A clinical staging system incorporating neck circumference, body mass index, baseline apnea-hypopnea index, and comorbidity burden may help stratify response to hypoglossal nerve stimulation among patients with obstructive sleep apnea, according to a retrospective cohort study.
The study included 119 patients with obstructive sleep apnea who underwent hypoglossal nerve stimulation implantation at Washington University in St Louis between April 2019 and October 2023 and completed a postimplant sleep study. Response was defined using modified Sher criteria: more than 50% reduction in apnea-hypopnea index (AHI) and a postimplant AHI below 15.
Overall, 83 patients, or 69.7%, met response criteria. Median AHI decreased from 30.7 before implantation to 6.9 after implantation, a median difference of −20.65 events per hour (95% CI, −24.50 to −17.45).
Four baseline factors were associated with response: smaller sex-specific neck circumference, BMI below 30, preimplant AHI below 30, and absence of comorbidities. Small neck circumference was defined as 14 inches or less for women and 16 inches or less for men. Patients with AHI below 30 were 17.7 percentage points more likely to respond than those with higher values, and patients without comorbidities were 17.4 percentage points more likely to respond than those with at least one comorbidity.

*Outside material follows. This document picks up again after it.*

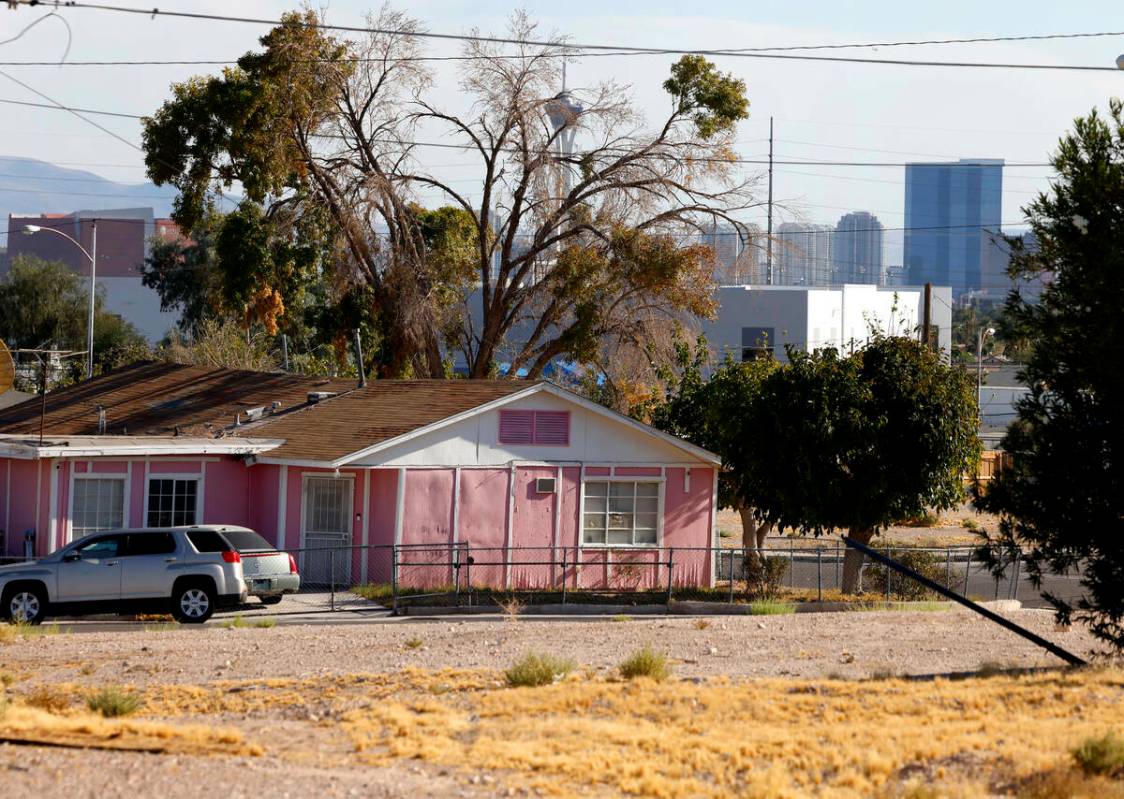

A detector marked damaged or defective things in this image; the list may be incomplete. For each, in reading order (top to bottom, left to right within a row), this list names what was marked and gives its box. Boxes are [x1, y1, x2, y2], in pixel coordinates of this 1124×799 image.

rusty metal roof [0, 361, 355, 438]
rusty metal roof [242, 379, 530, 462]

Comorbidity burden was treated as a binary variable encompassing hypertension, diabetes, congestive heart failure, stroke or transient ischemic attack, and ischemic heart disease, without weighting individual conditions.
Using conjunctive consolidation, the investigators developed a four-category clinical severity staging system. The highest-response group included patients with small neck circumference, BMI below 30, and AHI below 30, regardless of comorbidity status; 10 of 11 patients in this group responded, for a response rate of 90.9%. However, the subgroup included only 11 patients, limiting precision around that estimate — a single additional nonresponder would have dropped the rate to 82%.
The lowest-response group included patients with large neck circumference, BMI of 30 or higher, AHI of 30 or higher, and at least one comorbidity; 6 of 16 patients responded, for a response rate of 37.5%.
The staging system demonstrated moderate discrimination, with a C statistic of 0.68, better than chance but well short of the 0.80 threshold commonly associated with strong predictive performance. The response gradient increased from 22.5 percentage points in the model using neck circumference and BMI alone to 53.4 percentage points in the final model incorporating neck circumference, BMI, AHI, and comorbidities.
Drug-induced sleep endoscopy findings were analyzed but were not independently associated with response in the final model, despite prior literature suggesting some endoscopic features may predict hypoglossal nerve stimulation outcomes.
The authors cautioned that the findings require validation in an independent cohort. The study was retrospective and single-center, and 75 of 194 implanted patients, or 38.7%, were excluded because they had not yet completed postimplant sleep testing at the time of data collection. Because many excluded patients underwent more recent implantation, the findings may not fully reflect outcomes under evolving implantation and titration practices.
The cohort was predominantly male and White, with women comprising 30.3% of participants and White patients 92.4%, potentially limiting generalizability to more diverse populations. Patient-reported outcomes, including Epworth Sleepiness Scale scores, were not assessed, and BMI was measured only at baseline.
These variables may be used to divide patients into discrete prognostic categories, the authors wrote. While being in the group with the worst response rate does not necessarily mean the patient should not receive an HGNS, it may allow physicians to better counsel patients on their chance of response.
The article was corrected online April 16, 2026, after the authors clarified that FDA materials do not identify BMI greater than 40 as a formal contraindication to hypoglossal nerve stimulation implantation, but instead state that safety and effectiveness in that population have not been adequately studied.
Disclosures: Ji reported National Institutes of Health funding during the study. Jackson reported honoraria from Intuitive outside the submitted work. Kallogjeri reported payments from Washington University in St Louis related to licensing of the NOSE HHT instrument. Piccirillo reported grants from the National Center for Advancing Translational Sciences and royalty payments related to licensed instruments outside the submitted work. The study was supported by the National Center for Advancing Translational Sciences of the National Institutes of Health.